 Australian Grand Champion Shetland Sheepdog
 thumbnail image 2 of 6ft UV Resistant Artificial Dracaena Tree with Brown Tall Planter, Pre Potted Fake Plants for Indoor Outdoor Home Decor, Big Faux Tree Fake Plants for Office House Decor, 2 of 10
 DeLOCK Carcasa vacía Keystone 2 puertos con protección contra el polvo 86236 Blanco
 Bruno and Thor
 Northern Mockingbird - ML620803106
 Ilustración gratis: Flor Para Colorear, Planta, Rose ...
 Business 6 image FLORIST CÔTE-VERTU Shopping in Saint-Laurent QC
--
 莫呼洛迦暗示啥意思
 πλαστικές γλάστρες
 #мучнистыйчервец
---
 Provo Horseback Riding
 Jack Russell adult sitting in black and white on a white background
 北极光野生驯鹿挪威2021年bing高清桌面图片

- **TASK TO CARRY OUT**
A single number is the whole answer: the tally of lines above that contain "image".

- **REPLY TO THE EXERCISE**
2